***** EXERCISE MATERIAL *****

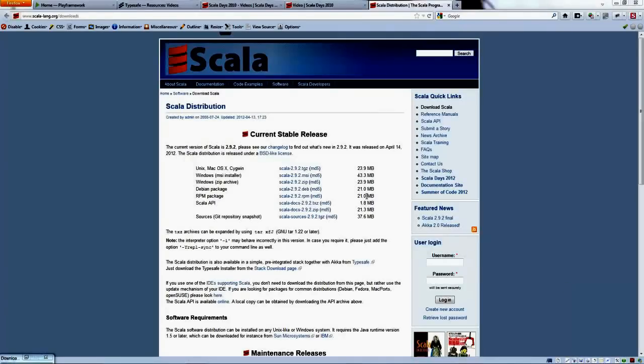Welcome to our tutorial on how to install Scala on your system so you can get started on developing Scala applications.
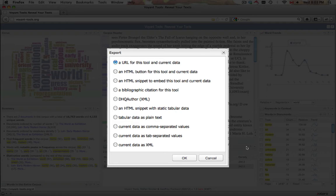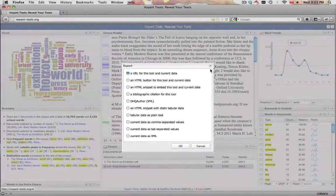The Export icon also provides a citation format, as well as possibilities for exporting the information generated by the tool as tabular data in plain text, comma-separated values, tab-separated values, or XML.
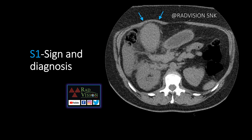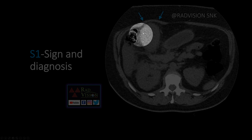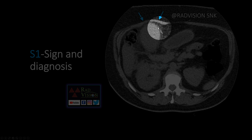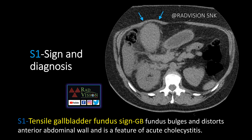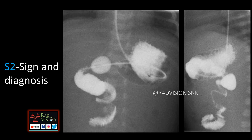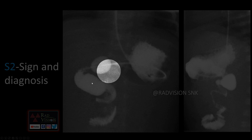Coming to the first case — here you can see the gallbladder, which is filled with sludge and is distended, causing indentation and displacement of the anterior abdominal wall. These arrows indicate the distension and displacement of the anterior abdominal wall. This is the typical tensile gallbladder fundus sign, where the gallbladder bulges and distorts the anterior abdominal wall, and it is a feature of acute cholecystitis. Remember: tensile gallbladder fundus sign in acute cholecystitis.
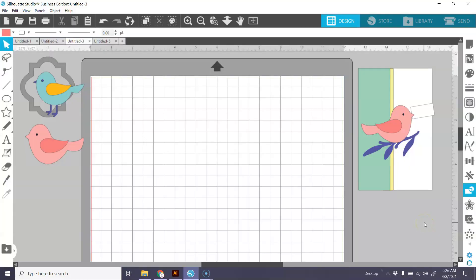Hi guys, it's Connie here from Say It With Simplicity, and I'm here in Silhouette Studio with you today. We're going to be working on a cut file that I'm going to be using on a card, and I'll be sharing that card on my blog SayItWithSimplicity.com.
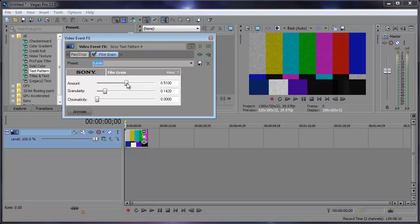All I have to do is hold down control and I can move this in fine increments of 20s. Just like that. So 51, 20.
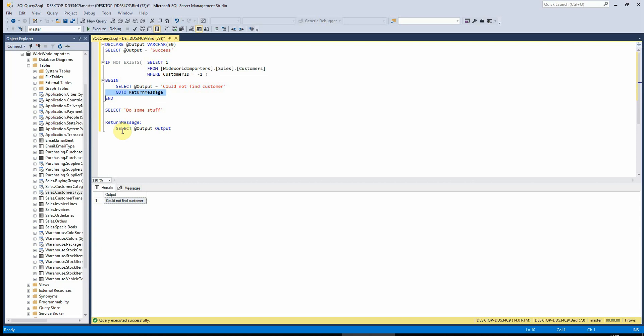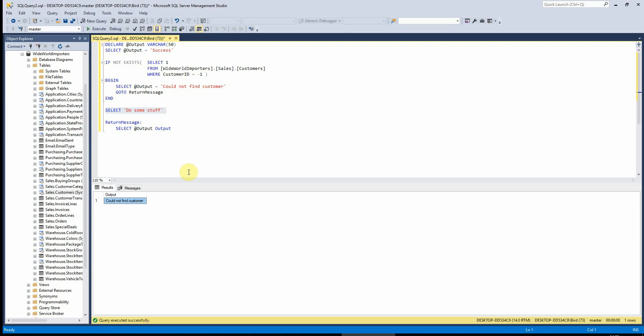So we're going straight to the section called return message and we are bypassing the bits in the middle here. So the only thing we're getting out of the stored procedure now or this bit of code, because I know it's not an SP yet, all that we're getting out of that is the output there.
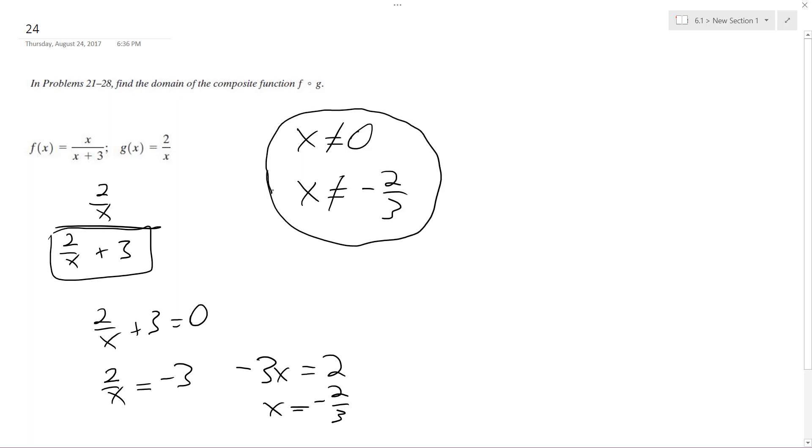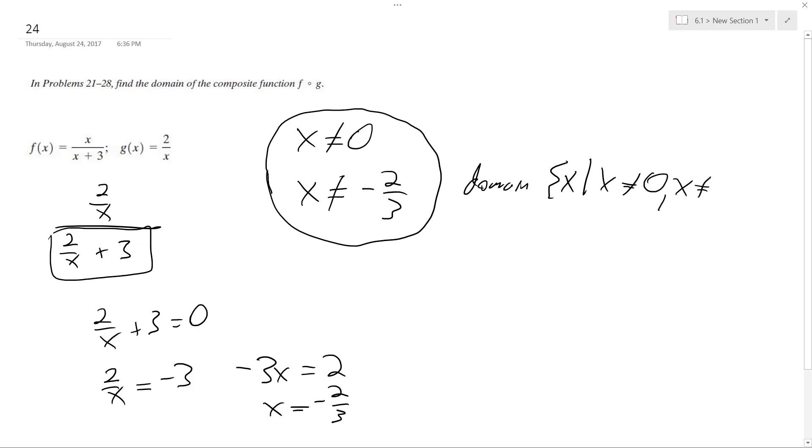Everything else is a solution. So domain, you could write it like this: x cannot equal 0, x cannot equal negative 4.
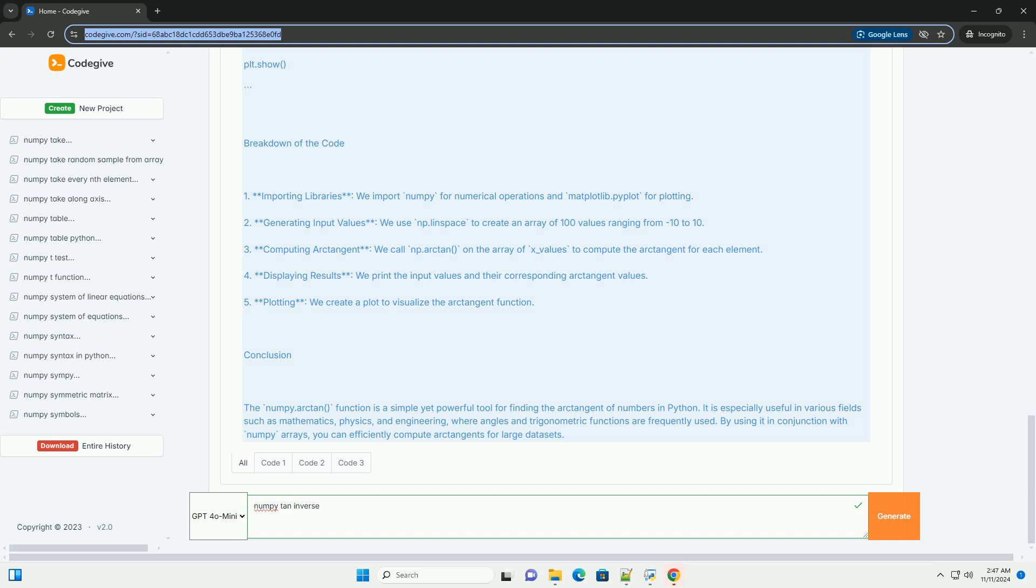Range of Output: The output of numpy.arctan will be in the range of -π/2 to π/2 radians, or -90 degrees to 90 degrees.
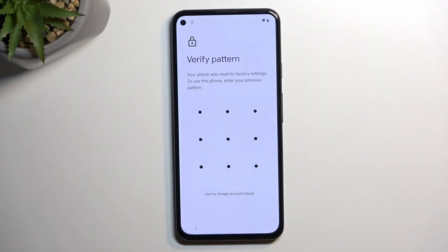Welcome. In front of me is a Google Pixel 5a and today I will show you how you can bypass the Google verification on this device.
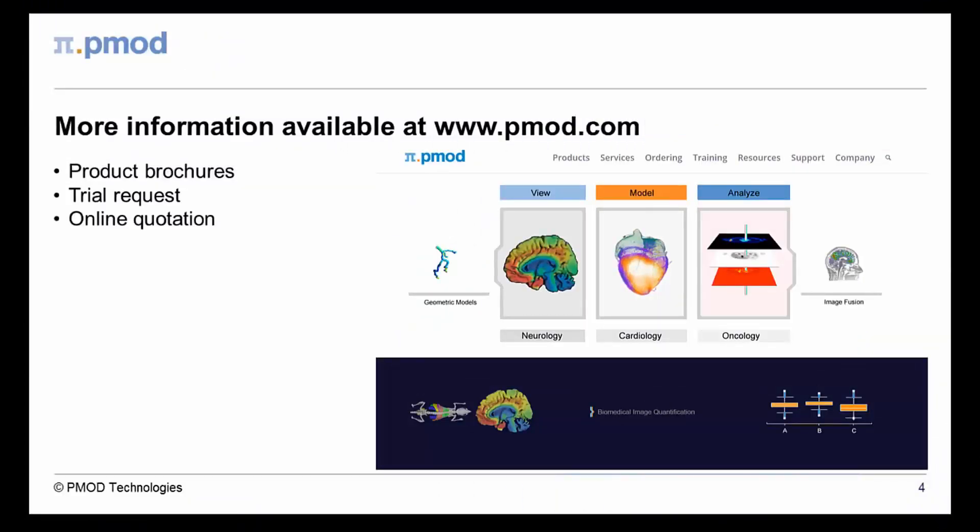This ends our short introduction to the PMOD 3D image rendering tool. Trial installations are available to test the full functionality of PMOD and its tools. Please visit our website for further details and for information about the other products from PMOD Technologies. Thank you for your attention.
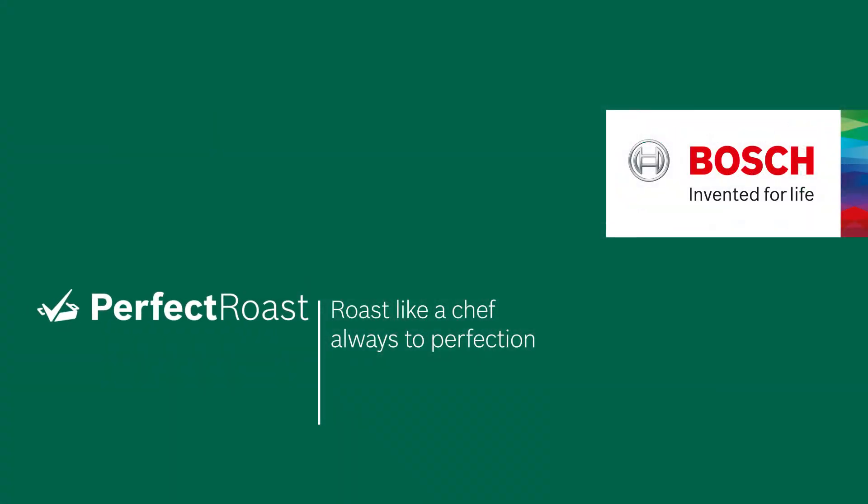This is Perfect Roast. Roast like a chef, always to perfection. Bosch. Invented for life.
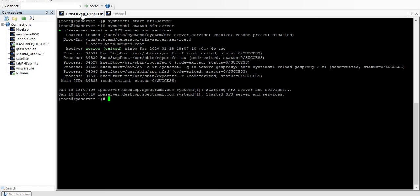To make sure it starts after a reboot as well, we have to enable it: 'systemctl enable nfs-server'. Once rebooted, it will start automatically and we don't have to restart it manually. This is the first step — run the NFS server and make sure it's running.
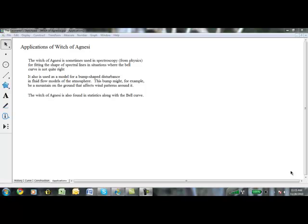So you're probably wondering, what are some applications of the Witch of Agnesi? Like, where is it used in real life? Well, the Witch of Agnesi is sometimes used in spectroscopy, which is in physics, for fitting the shape of spectral lines in situations where the bell curve is just not quite right.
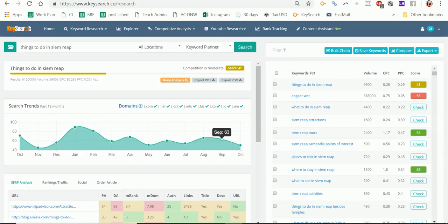This is Sharon Goulet from digitalnomadwannabe.com and I'm doing a fully updated review of KeySearch and all the things you can do with it, because it's had a lot of changes recently. By changes I mean awesome enhancements. They've added a lot of extra functionality and they're adding more all the time. It really helps me when I'm planning my content or when I'm doing updates, and I use it in lots of different ways beyond just finding a keyword for the article I want right now.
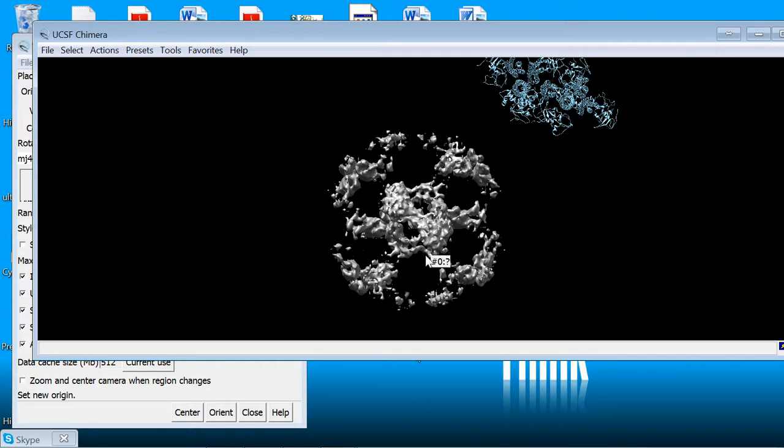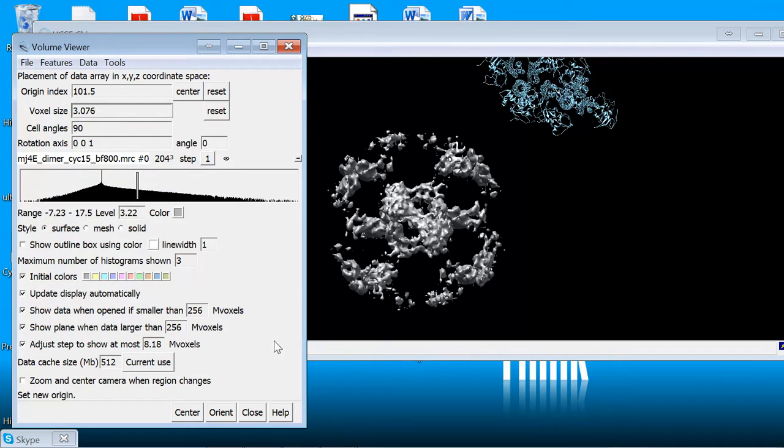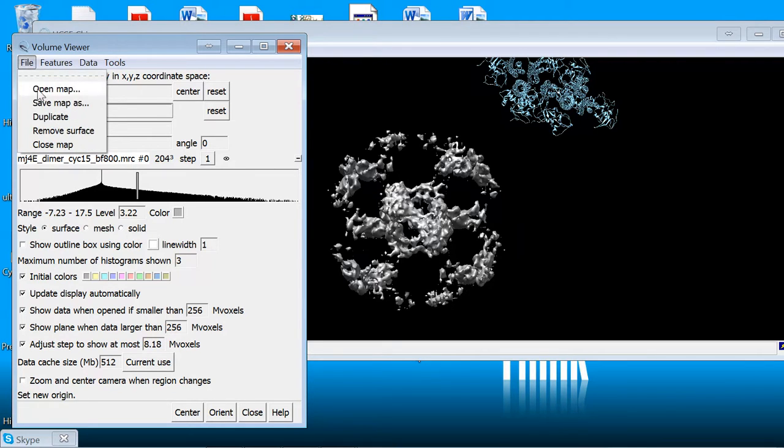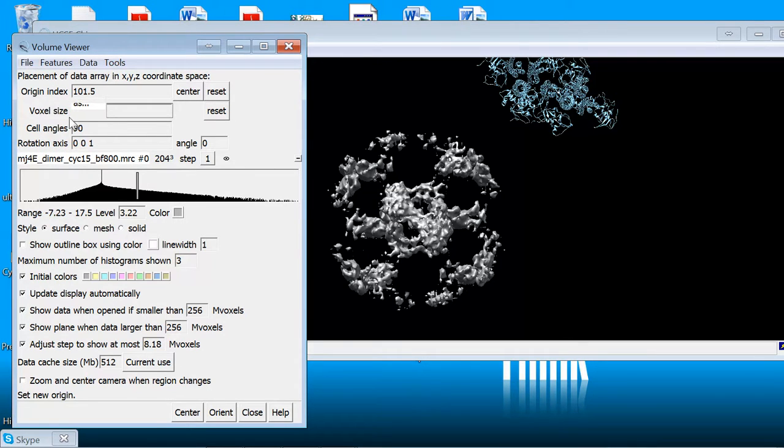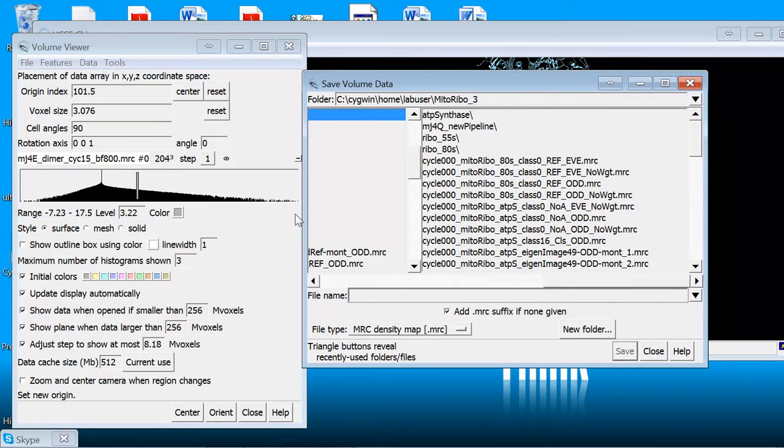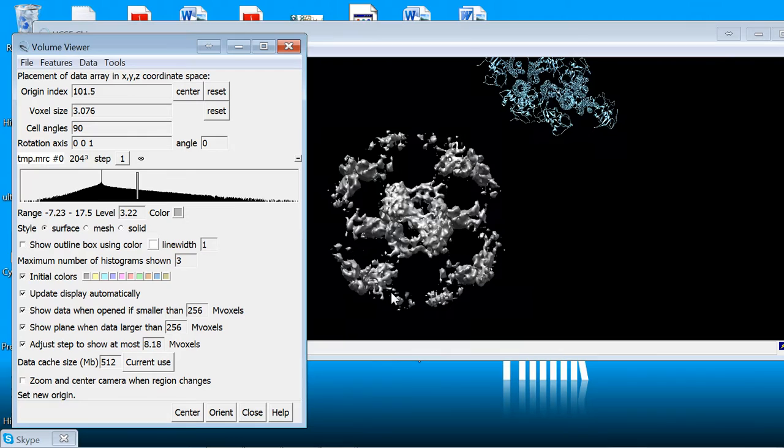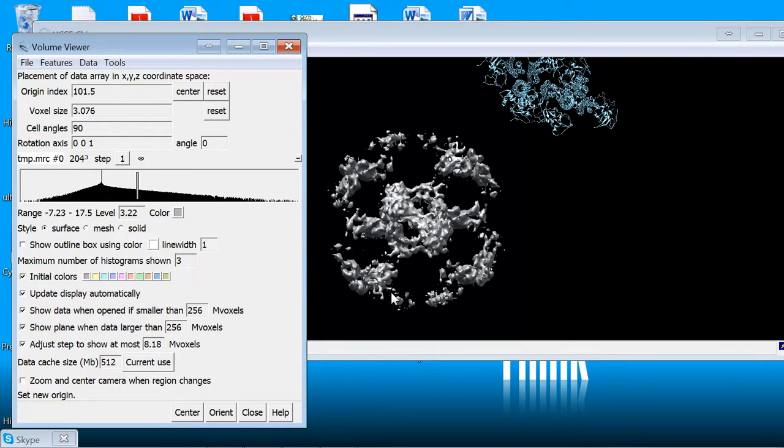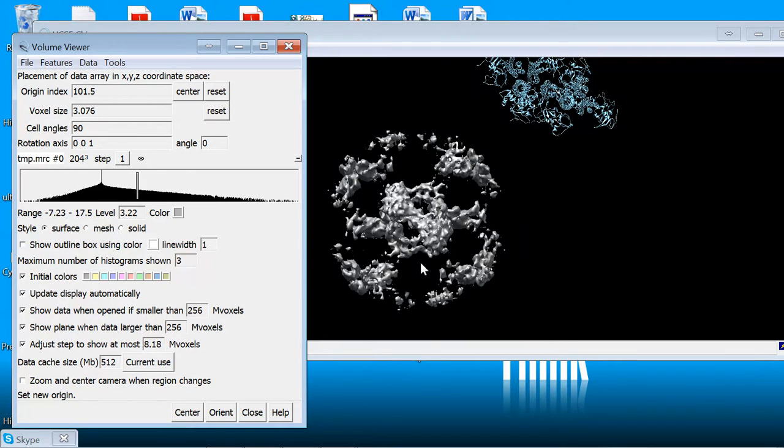And once you've done that, since you've changed the header and you've changed the pixel size it's good to save the map. So I'll save it as and put it under a different name. In this case I'm just going to save it as temp.mrc in whatever folder I'm working in. And that's the map that we're going to use then in the future.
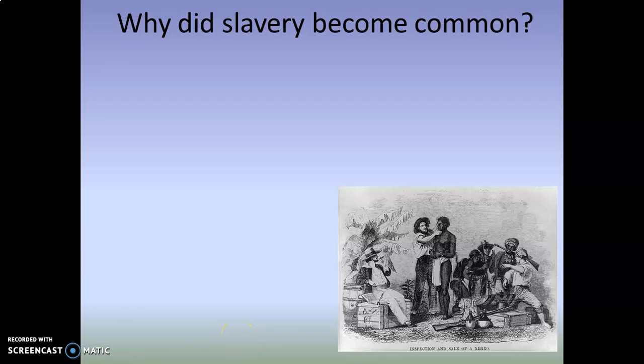In our previous video on the foundations of slavery in colonial America, we looked at more of the economic side of things. In this particular video, we seek to understand or at least explore why slavery became common, and also how society was altered by slavery.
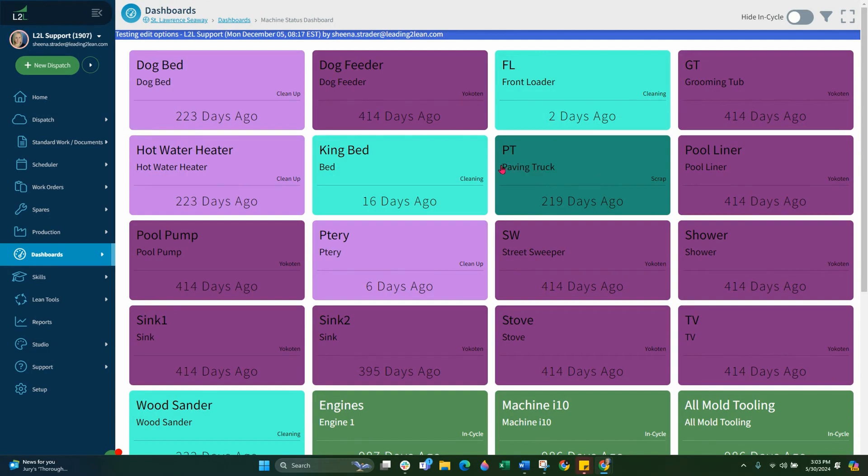L2L interactive checklists enable the recording of data and task completion electronically inside L2L. This allows a site to leverage L2L reporting tools to recall and report on checklist data, making them a powerful tool for managing processes and identifying opportunities for improvement.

*****

TASK
Repeat the listing above from its first line through the line that contains "The Export icon", both included, and nothing more. Drop the pictures.

YOUR RESPONSE
Welcome to our tutorial on how to install Scala on your system so you can get started on developing Scala applications.
The Export icon also provides a citation format, as well as possibilities for exporting the information generated by the tool as tabular data in plain text, comma-separated values, tab-separated values, or XML.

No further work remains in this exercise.